Durante o jogo Corinthians e Vasco eu aprendi que o Vasco tem, até o final da penúltima rodada, 7,6 finalizações por jogo. O que seria 0,6 de uma finalização? Números não contam a história de uma partida e nunca contarão porque o futebol é esporte cheio de subjetividades - e justamente por isso é delirante e apaixonante. Claro que números podem ajudar a entender muitas coisas, mas quantas vezes o time com mais posse de bola perde a partida?
O Vasco é um time que, a despeito de ter entrado em campo à beira do rebaixamento, não jogava com ganas de quem tenta evitar a queda. E o Corinthians, com chance de vaga na Libertadores, parecia estar disputando o 13º lugar do Campeonato do bairro. Um jogo disputado na intermediária durante o primeiro tempo, e, no segundo, através de chutões e ataques destrambelhados. Torcedores desses dois times merecem mais, o futebol merece mais, o telespectador merece mais.
Corinthians e Vasco fizeram um desses jogos que testam nossos fígados; e jogo bom é aquele que testa o coração.

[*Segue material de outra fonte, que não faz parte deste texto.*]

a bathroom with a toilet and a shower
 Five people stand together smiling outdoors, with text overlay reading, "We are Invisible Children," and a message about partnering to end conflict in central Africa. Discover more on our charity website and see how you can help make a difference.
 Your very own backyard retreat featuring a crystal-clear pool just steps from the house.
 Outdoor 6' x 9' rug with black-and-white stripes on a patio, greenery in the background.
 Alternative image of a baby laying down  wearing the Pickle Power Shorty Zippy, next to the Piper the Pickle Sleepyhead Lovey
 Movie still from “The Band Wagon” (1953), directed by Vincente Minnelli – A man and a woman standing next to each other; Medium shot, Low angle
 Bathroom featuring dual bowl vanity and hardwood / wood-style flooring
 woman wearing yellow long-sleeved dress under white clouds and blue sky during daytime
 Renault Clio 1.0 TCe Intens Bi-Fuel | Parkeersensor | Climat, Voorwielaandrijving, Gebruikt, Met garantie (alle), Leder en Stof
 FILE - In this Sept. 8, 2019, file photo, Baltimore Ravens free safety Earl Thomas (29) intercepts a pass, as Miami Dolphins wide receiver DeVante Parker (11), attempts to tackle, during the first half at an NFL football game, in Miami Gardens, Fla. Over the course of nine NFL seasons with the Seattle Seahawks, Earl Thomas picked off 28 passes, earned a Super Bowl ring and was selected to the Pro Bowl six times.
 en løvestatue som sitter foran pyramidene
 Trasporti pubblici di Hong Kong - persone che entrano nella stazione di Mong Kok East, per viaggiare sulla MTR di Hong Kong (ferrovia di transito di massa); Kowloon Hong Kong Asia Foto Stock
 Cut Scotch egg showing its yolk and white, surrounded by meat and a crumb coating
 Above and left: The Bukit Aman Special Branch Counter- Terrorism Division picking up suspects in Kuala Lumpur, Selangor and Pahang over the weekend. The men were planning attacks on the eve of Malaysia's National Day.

Ao final, o prêmio de melhor jogador da partida precisava ser entregue a alguém porque tem patrocinador envolvido e, portanto, não há como adiar o mico. Mas diante do que vimos durante os 90 minutos, como escolher alguém? A comentarista da Globo, Ana Thais Matos, foi certeira ao dizer que entregaria o prêmio ao torcedor. É quem mereceria, de fato.
O Flamengo é hoje, com alguma folga, o melhor time do Brasil. Um time que calibrado para atacar, que troca passes rápidos, que joga junto e lembra a gente o que o jogo tem a capacidade de ser, e o que ele pode nos fazer sentir; sensações que vão além do tédio, da sonolência, da desesperança. Pode não ser campeão, claro, mas terá dado ao torcedor, durante um período triste de nossas existências, o maior dos presentes: a chance de se emocionar e o direito de sonhar.
A vida aqui fora anda suficientemente difícil; a gente esperava que, pelo menos, o futebol fosse uma janela para que pudéssemos esquecer, ainda que por 90 minutos, tantas perdas, tantas despedidas, tanta negligência de um governo genocida que nos expõe a um vírus mortal sem se importar em comprar vacinas. O futebol — não é pedir muito — como um portal para que a gente pudesse ter alguma esperança de dias melhores.